Resistance, Myths, & The Arts

Rawhead is one of many folkloric bogeymen used to frighten children into obedience. In our numerous and varied myths, monsters emerge from cultural shadows, not only as instruments of fear or control, but also as mirrors of our shared humanity. It’s true that figures like La Llorona, Rawhead, and the Windigo serve as containers for our anxieties, cruelties, and moral compromises. However, they also function as conduits for resilience, truth, and connection. Monsters reveal to us what has been hidden or ignored for far too long. They force us to confront realities that are often far more disturbing than what lurks in the dark.

More than simply evoking fear, myths and folklore prepare us to defend our humanity and confirm that monsters can be destroyed. They serve as lessons on witnessing, enduring, and resisting. They remind us the evils of the past always echo forward and that we must face them to free ourselves from their hauntings.

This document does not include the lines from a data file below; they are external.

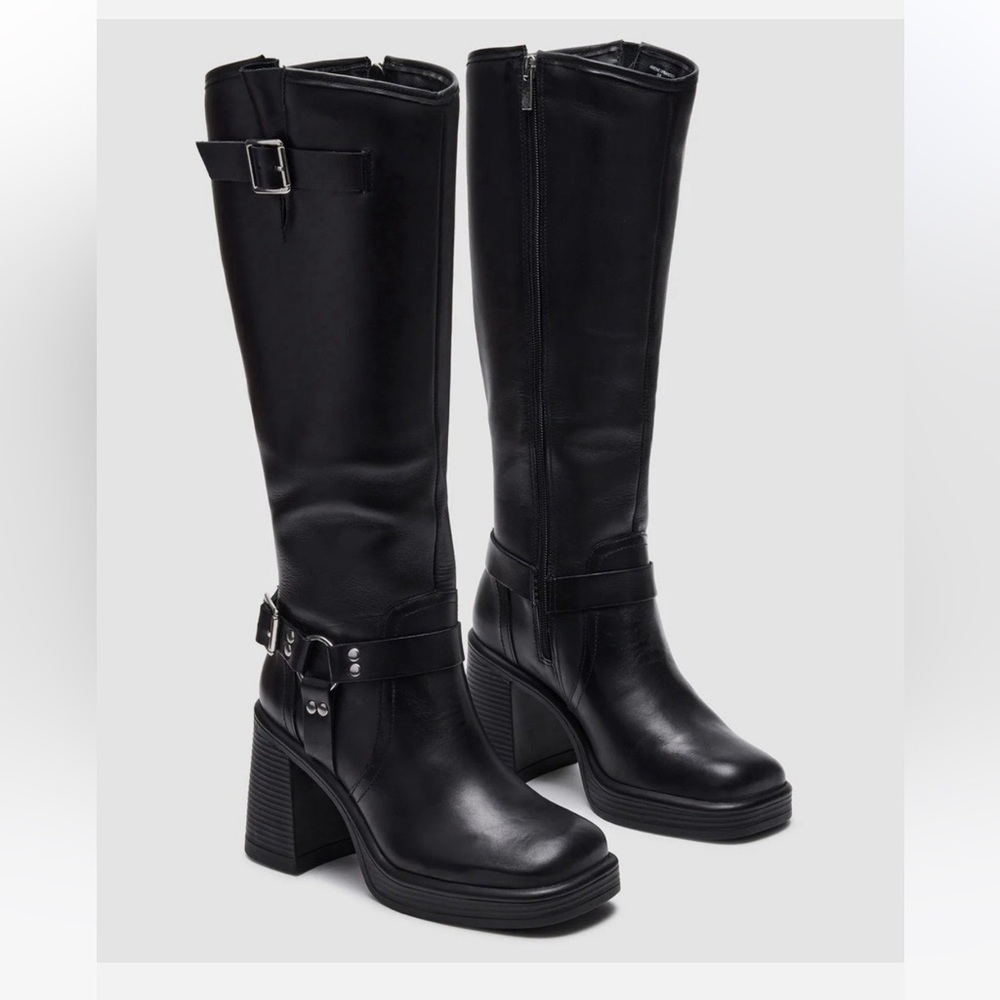 Steve Madden Francine Black Leather boots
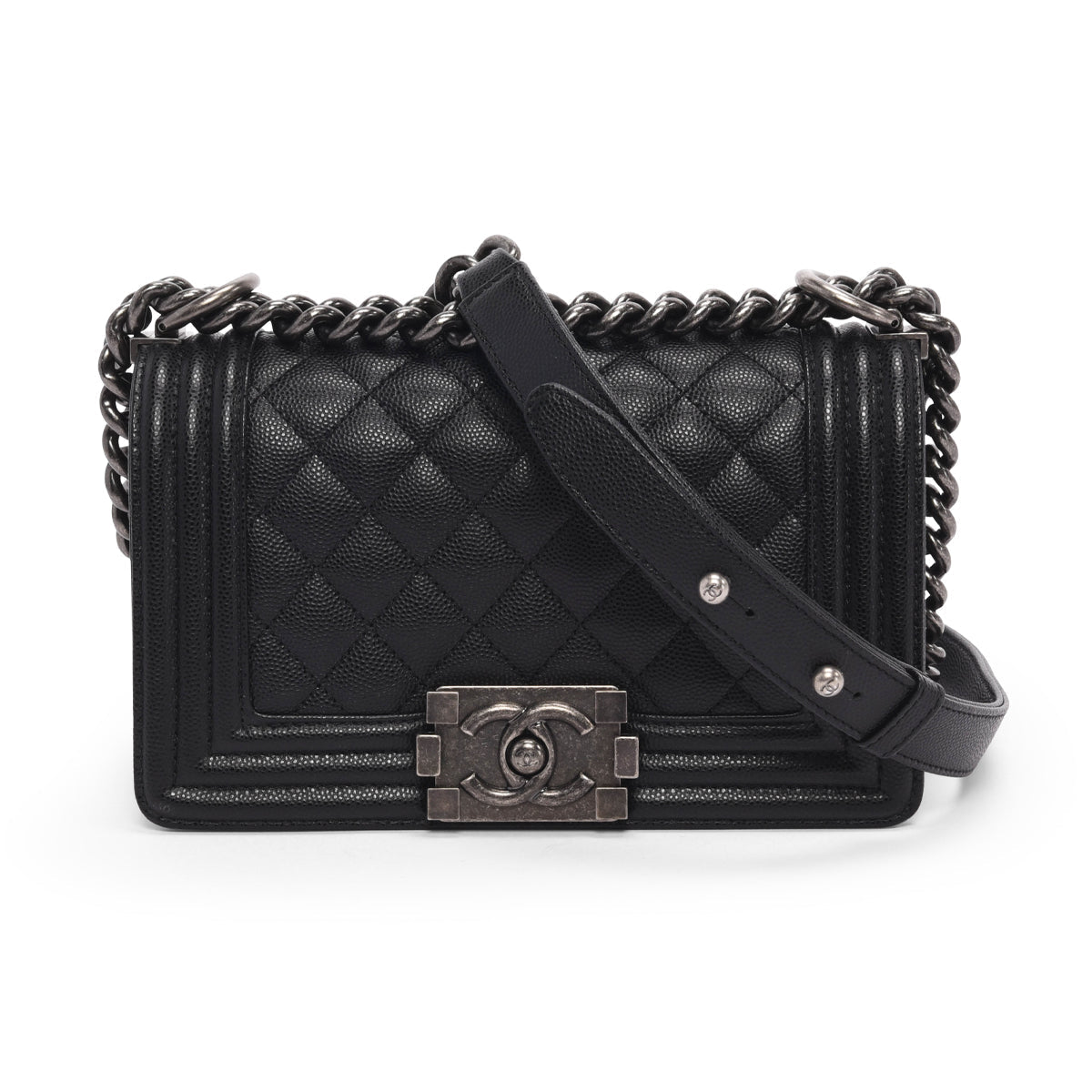 Chanel Black Quilted Caviar Small Boy Handbag - Rovelle Bags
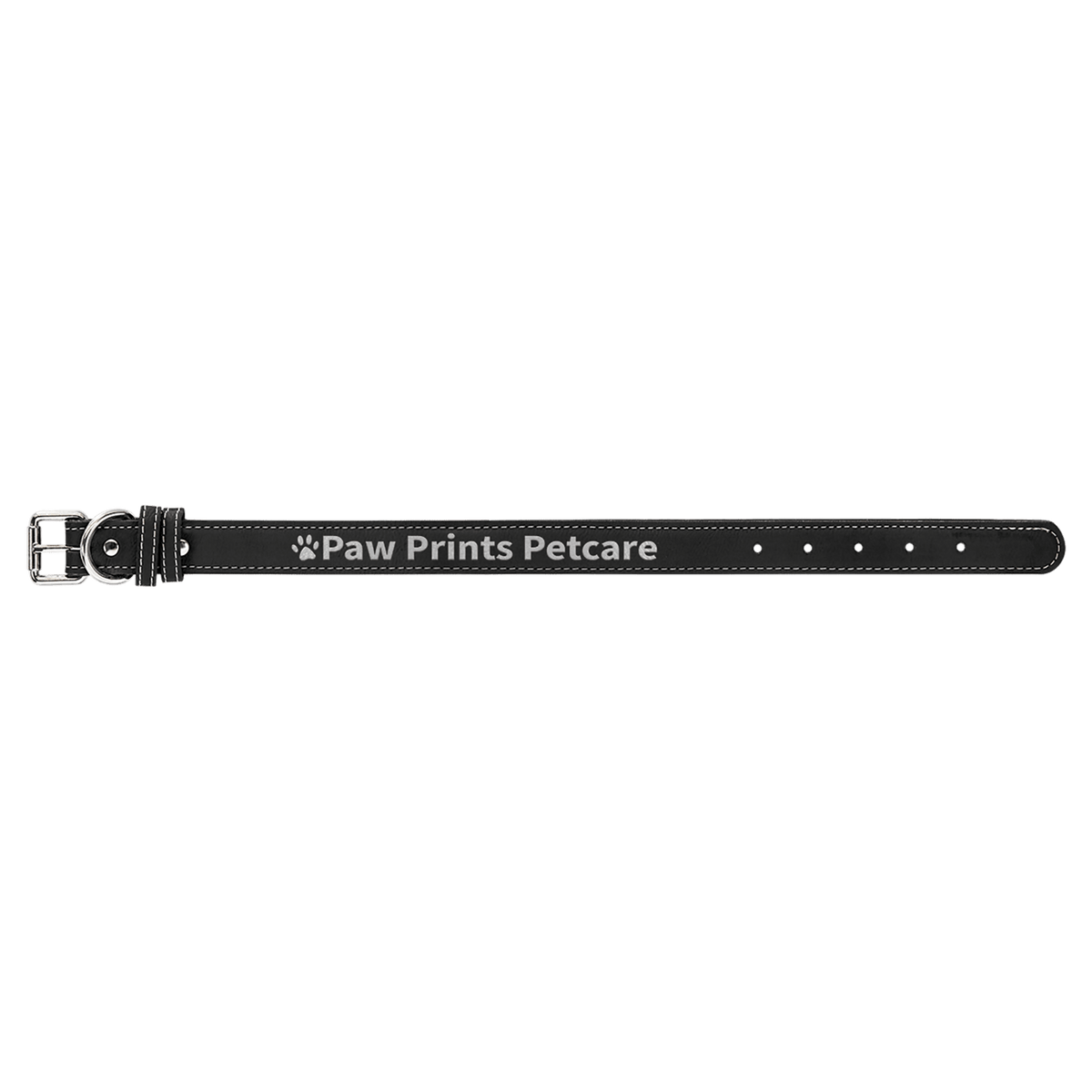 Black/Silver Medium 19" x 1" Laserable Leatherette Dog Collar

To name an online journal Rawhead is to acknowledge that the endurance and evolution of great art and literature has always provoked fear in those who would weaponize their power to feed on society. To give this journal a monstrous name is a deliberate act and one that reflects what tyrants, profiteers, and oppressors fear most: a public that is awake, literate, always connected, and unafraid to speak. The arts have always been a threat to the real monsters among us. The work Rawhead publishes is only one of countless forms in which resistance can take.

Masthead

John T. Leonard

Editor-in-Chief & Poetry Editor

John T. Leonard (Rawhead, 42 Miles Press, The Glacier) is a writer, educator, and editor. He holds an M.A. in English from Indiana University. John’s poems have been published in Lunch Ticket, Chiron Review, December Magazine, North Dakota Review, Ethel Zine, Louisiana Literature, Jelly Bucket, Painted Bride Quarterly, Tipton Poetry Journal, Qu Literary Magazine, Hole in The Head Review, Nimrod International Journal, The Indianapolis Review, Two Hawks Quarterly, The Floating Acorn Review, and The Emerson Review, among others. He lives in Elkhart, Indiana with his wife and son. You can connect with him on Instagram @jotyleon. You can follow his other projects here: @theglacierjournal and @42milespress.

Caressa Layne

Art Editor

Caressa is an interdisciplinary artist, writer, and curator, currently serving as Art Gallery Director for Xavier University. Along with her curatorial practice, her poetry, fiction, and visual art explore themes of a cyclical nature—often attempting to nudge the gap between human experience and the natural world. Inspired by existential philosophy, Caressa’s work is a celebration of the stitches that barely separate disgust and delight. From the effervescent quality of laughter and tenderness to sweat and blood, Caressa explores, in every facet of her work, all the things that are woven together in our imperfect, irresistible existence.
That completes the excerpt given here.